● REQUIRED WORK:
The lines to retype run from the one containing "Turbo Timer Wiring Diagram" through the end of the listing below. Reproduce them exactly, leaving out pictures.

● INPUT:
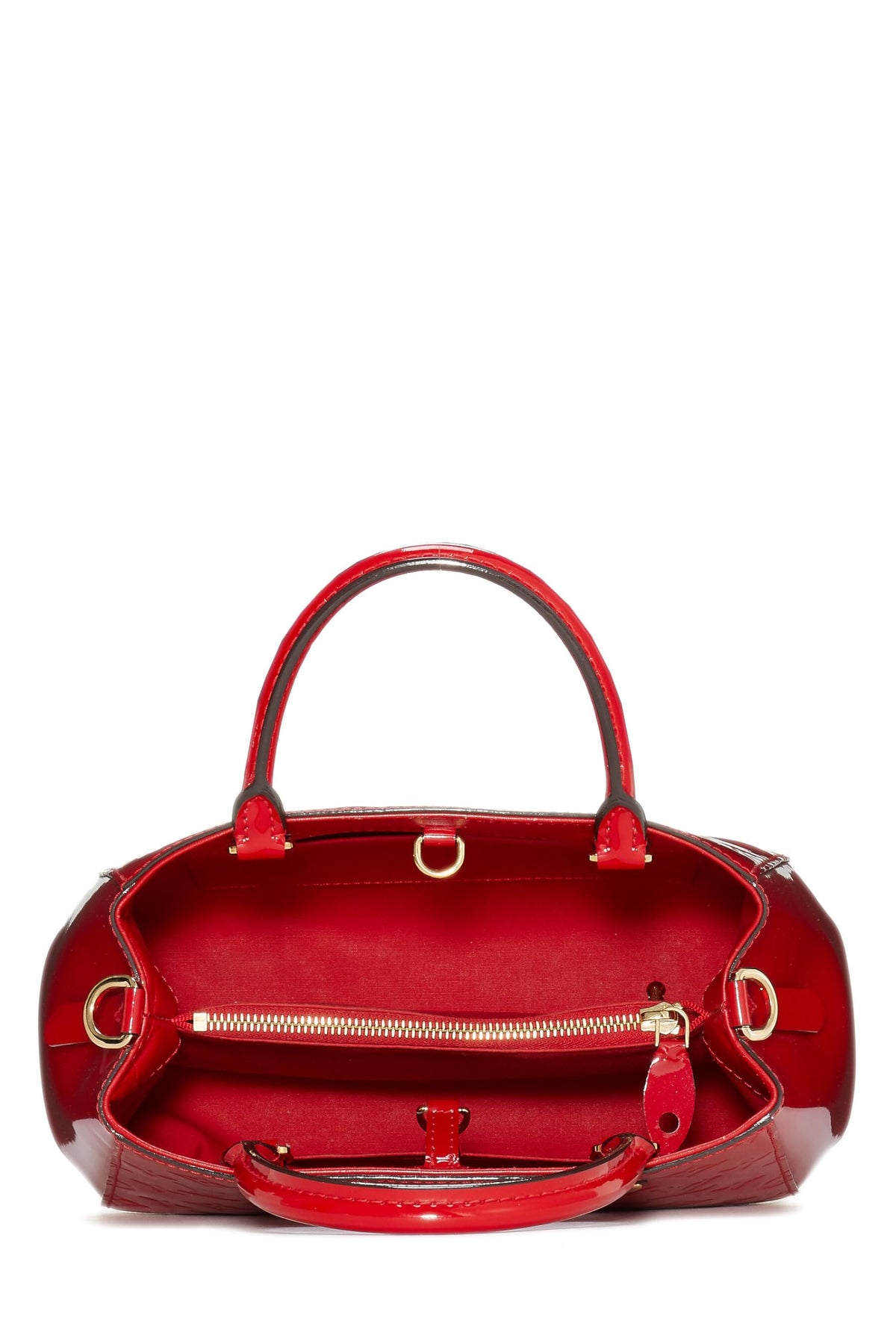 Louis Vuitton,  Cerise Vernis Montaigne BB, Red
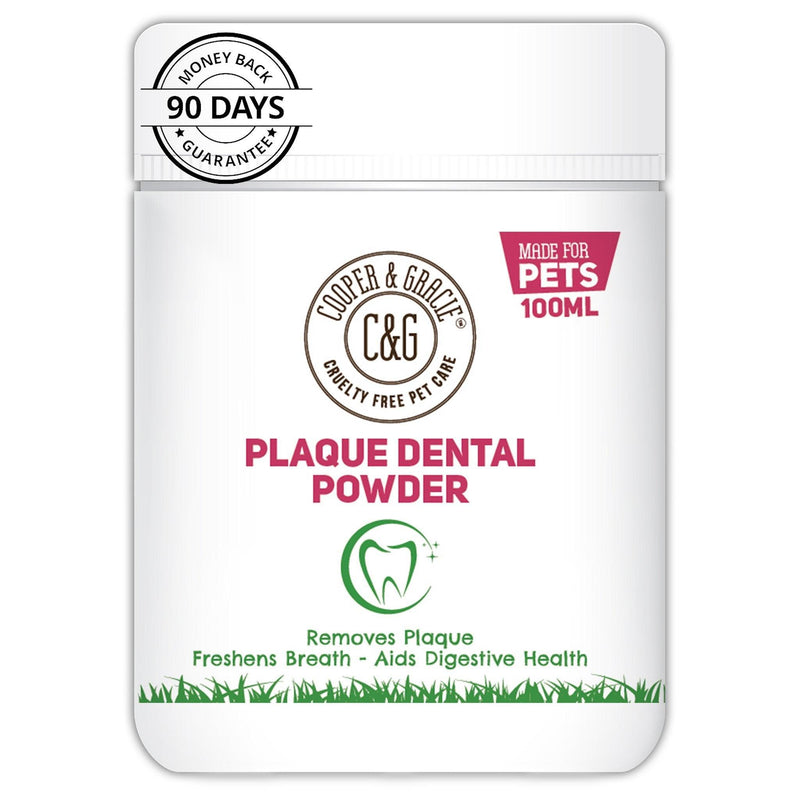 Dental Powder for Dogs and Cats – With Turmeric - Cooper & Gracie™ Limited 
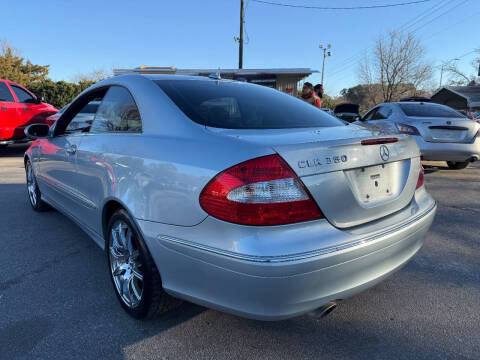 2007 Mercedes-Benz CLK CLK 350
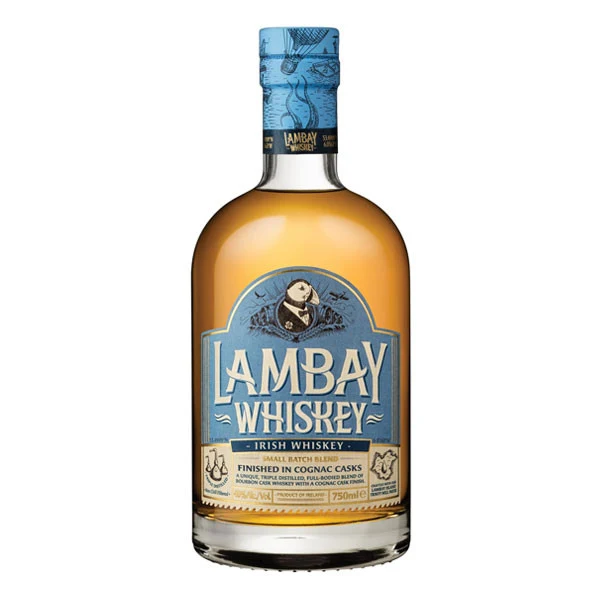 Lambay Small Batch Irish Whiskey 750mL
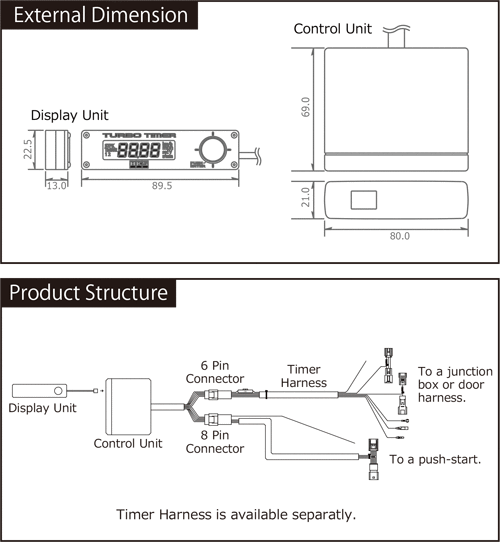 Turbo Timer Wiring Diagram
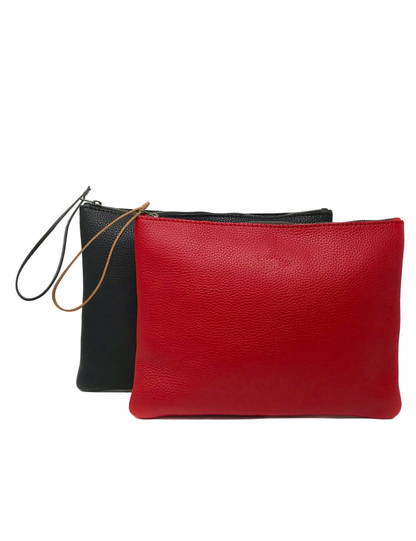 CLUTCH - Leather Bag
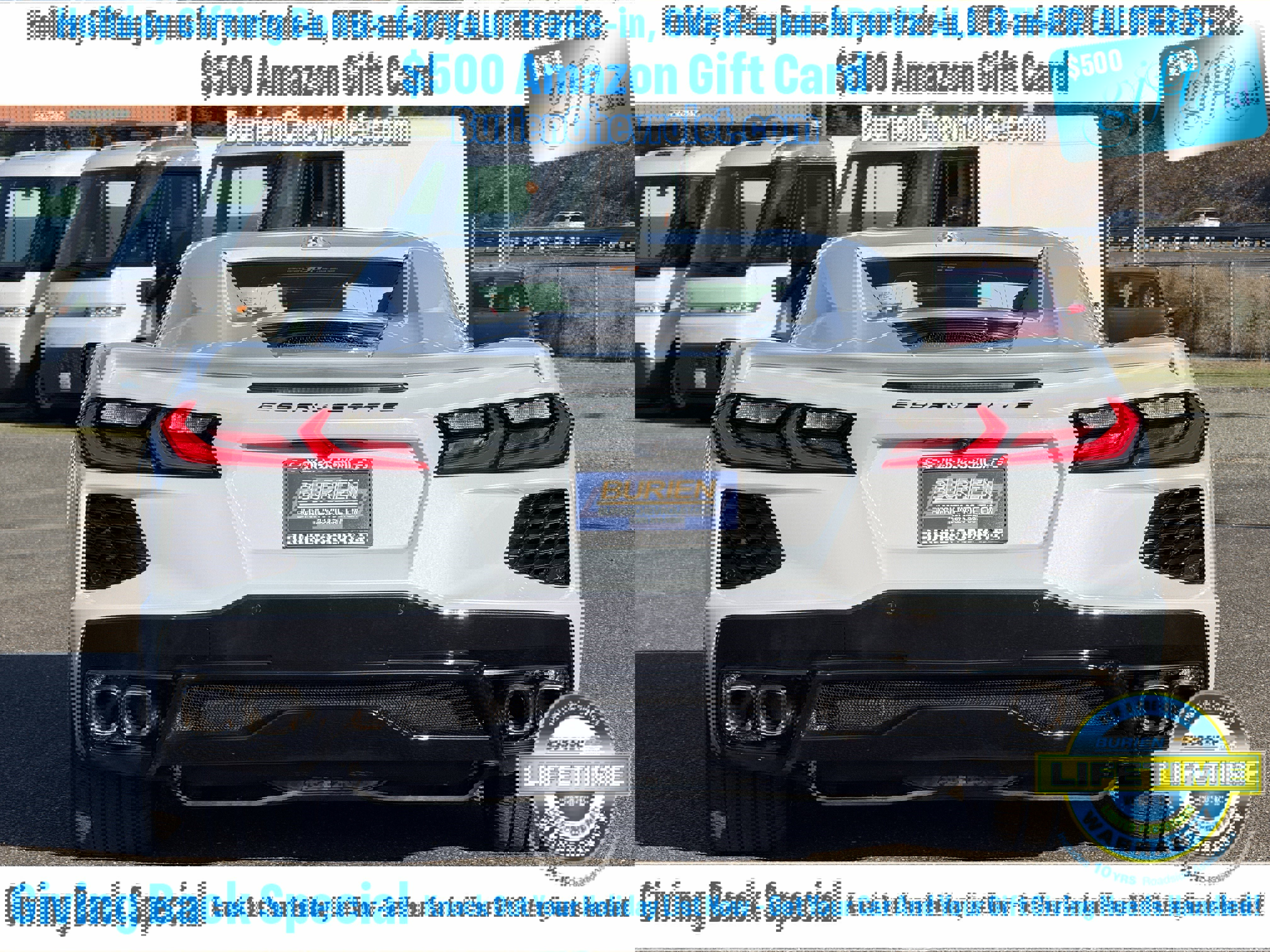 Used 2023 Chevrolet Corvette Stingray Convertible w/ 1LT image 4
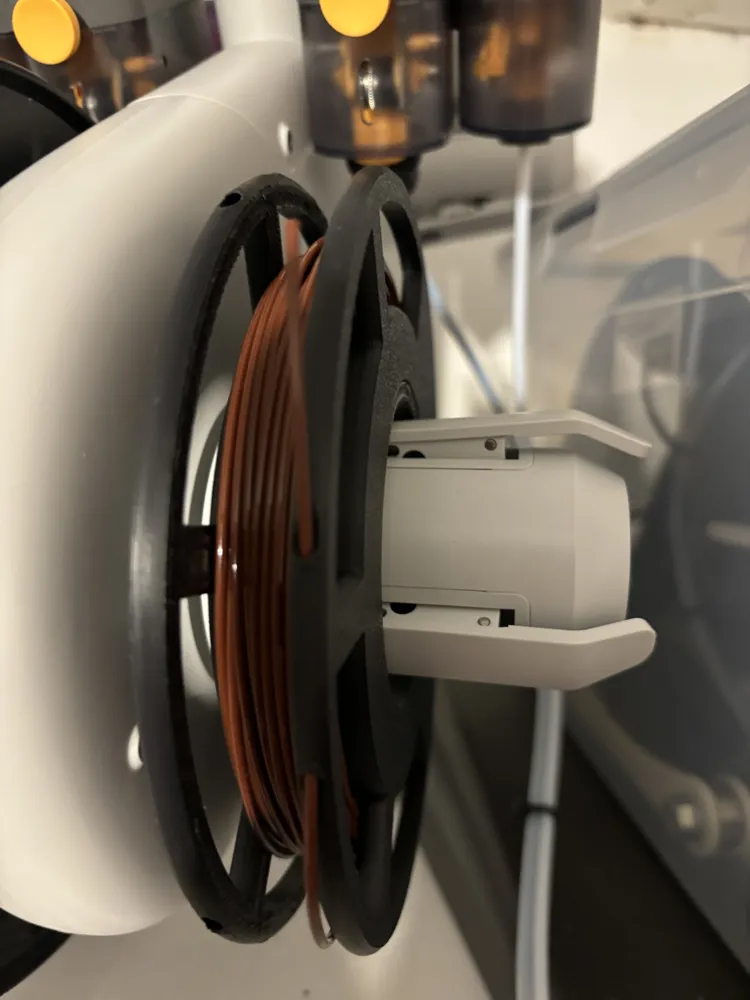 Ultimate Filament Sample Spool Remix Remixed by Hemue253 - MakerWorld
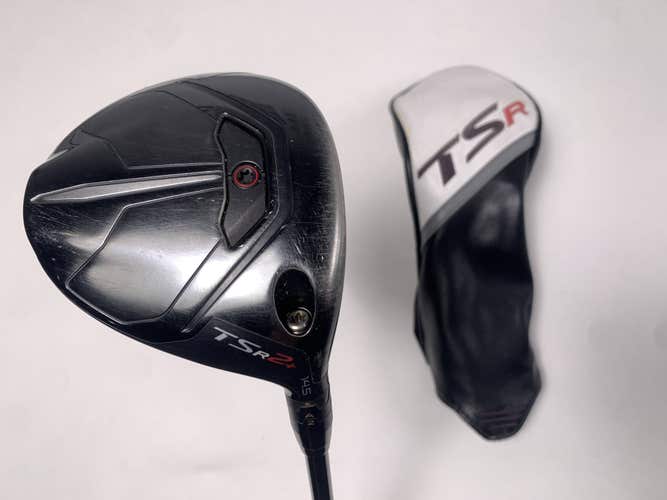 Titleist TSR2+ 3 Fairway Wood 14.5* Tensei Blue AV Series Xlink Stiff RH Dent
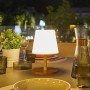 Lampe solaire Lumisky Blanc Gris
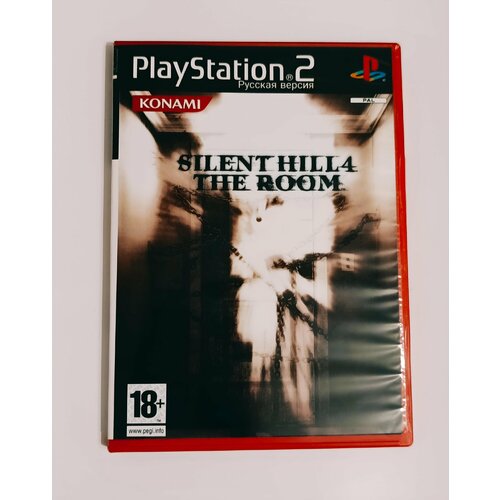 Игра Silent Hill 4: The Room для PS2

● TASK OUTPUT:
 Turbo Timer Wiring Diagram
 CLUTCH - Leather Bag
 Used 2023 Chevrolet Corvette Stingray Convertible w/ 1LT image 4
 Ultimate Filament Sample Spool Remix Remixed by Hemue253 - MakerWorld
 Titleist TSR2+ 3 Fairway Wood 14.5* Tensei Blue AV Series Xlink Stiff RH Dent
 Lampe solaire Lumisky Blanc Gris
 Игра Silent Hill 4: The Room для PS2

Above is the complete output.